Une commission de députés américains est dépêchée dans le Berlin en ruines de l’après-guerre pour évaluer le moral des troupes restées sur place afin de maintenir l’ordre dans le secteur américain de la ville. Parmi eux se trouve une députée, Phoebe Frost (Jean Arthur), qui découvre avec horreur que les soldats ne se gênent absolument pas pour flirter avec toutes les jeunes Berlinoises qu’ils rencontrent. Elle fait notamment la connaissance du capitaine Pringle (John Lund), dont elle ignore qu’il entretient une relation avec une chanteuse de cabaret anciennement nazie (Marlene Dietrich). Lorsqu’elle découvre le passé de cette femme, Frost décide de la faire tomber ainsi que l’officier qu’elle est réputée fréquenter. Elle ne se doute pas que l’officier qu’elle traque est celui-là même qui lui fait la cour pour protéger sa véritable amante, et dont elle est elle-même tombée amoureuse.

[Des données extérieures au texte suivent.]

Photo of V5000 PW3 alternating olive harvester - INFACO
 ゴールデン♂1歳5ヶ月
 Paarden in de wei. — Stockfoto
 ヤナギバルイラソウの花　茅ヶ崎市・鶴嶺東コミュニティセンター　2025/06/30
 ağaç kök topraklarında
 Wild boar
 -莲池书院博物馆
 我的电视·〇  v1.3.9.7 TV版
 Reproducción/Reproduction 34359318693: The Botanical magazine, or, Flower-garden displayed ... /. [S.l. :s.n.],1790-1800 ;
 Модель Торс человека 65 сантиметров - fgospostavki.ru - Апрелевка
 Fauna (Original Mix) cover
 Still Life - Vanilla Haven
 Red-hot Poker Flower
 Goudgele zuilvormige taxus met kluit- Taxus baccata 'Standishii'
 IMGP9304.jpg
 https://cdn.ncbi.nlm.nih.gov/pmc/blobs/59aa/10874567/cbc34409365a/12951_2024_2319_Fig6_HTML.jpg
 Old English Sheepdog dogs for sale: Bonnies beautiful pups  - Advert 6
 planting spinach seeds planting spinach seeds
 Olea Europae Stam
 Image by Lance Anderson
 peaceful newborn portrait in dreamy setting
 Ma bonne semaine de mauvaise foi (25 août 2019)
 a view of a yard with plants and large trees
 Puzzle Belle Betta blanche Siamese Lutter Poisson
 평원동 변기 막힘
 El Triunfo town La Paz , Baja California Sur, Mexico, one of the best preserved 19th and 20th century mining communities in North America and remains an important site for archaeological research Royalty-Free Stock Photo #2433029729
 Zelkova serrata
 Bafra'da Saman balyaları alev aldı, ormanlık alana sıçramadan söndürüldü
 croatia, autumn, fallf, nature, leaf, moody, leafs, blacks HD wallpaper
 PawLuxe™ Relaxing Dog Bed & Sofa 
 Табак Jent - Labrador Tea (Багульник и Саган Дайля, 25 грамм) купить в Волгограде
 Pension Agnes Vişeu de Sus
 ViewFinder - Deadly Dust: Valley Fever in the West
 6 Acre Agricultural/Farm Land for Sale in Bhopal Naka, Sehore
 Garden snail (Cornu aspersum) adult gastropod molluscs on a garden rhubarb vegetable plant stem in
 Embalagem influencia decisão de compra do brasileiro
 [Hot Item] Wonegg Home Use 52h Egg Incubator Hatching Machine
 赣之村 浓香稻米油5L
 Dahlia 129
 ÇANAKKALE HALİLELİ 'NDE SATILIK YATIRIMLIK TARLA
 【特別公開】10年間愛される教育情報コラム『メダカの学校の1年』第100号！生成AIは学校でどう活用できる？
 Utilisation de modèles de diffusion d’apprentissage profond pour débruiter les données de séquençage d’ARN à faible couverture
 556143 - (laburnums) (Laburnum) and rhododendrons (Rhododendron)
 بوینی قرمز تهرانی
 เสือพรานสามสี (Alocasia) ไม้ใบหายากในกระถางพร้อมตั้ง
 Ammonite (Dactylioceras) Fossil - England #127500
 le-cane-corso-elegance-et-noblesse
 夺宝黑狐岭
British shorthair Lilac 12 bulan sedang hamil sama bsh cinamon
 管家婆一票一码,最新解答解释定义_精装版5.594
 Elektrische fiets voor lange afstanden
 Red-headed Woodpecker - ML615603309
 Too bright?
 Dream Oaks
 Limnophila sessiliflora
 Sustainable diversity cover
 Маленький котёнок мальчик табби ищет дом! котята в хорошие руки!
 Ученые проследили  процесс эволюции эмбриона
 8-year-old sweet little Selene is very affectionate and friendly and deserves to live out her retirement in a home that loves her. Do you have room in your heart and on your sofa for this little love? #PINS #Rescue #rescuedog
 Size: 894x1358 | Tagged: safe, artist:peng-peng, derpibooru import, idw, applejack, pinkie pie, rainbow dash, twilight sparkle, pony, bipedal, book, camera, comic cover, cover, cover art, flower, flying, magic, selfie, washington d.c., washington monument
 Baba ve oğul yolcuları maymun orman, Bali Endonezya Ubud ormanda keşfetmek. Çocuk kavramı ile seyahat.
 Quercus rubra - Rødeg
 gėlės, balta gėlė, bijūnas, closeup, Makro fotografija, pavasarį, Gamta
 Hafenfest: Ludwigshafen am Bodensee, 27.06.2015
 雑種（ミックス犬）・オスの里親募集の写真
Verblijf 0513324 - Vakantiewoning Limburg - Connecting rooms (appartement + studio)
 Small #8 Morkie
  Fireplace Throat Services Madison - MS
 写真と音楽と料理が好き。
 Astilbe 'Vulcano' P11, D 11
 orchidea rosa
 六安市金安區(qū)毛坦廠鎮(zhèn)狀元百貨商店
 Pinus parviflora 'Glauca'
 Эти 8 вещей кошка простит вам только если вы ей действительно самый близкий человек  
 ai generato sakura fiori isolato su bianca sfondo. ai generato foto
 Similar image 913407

Tourné en partie dans les véritables ruines de Berlin après la Seconde Guerre Mondiale, La Scandaleuse de Berlin dégage de ce fait un parfum d’authenticité que ne viennent que renforcer la présence de Billy Wilder à la réalisation et de Marlene Dietrich dans un des trois rôles principaux, qui étaient directement concernés par les événements historiques auxquels ils font ici allusion.
Wilder n’a en effet pas son pareil pour dresser le portrait d’une époque et d’une population en quelques scènes bien senties qui illustrent à merveille la triste ambiance qui régnait dans le Berlin de l’après-guerre. Cela ne l’empêche pourtant pas – et c’est là tout son génie – de traiter ce portrait sur le ton de la comédie, y introduisant le côté satirique qui fera merveille dans sa filmographie postérieure, en dressant notamment un portrait acerbe des Américains et de leurs grands idéaux à base de liberté et et de démocratie qui se heurtent à la dure réalité des choses.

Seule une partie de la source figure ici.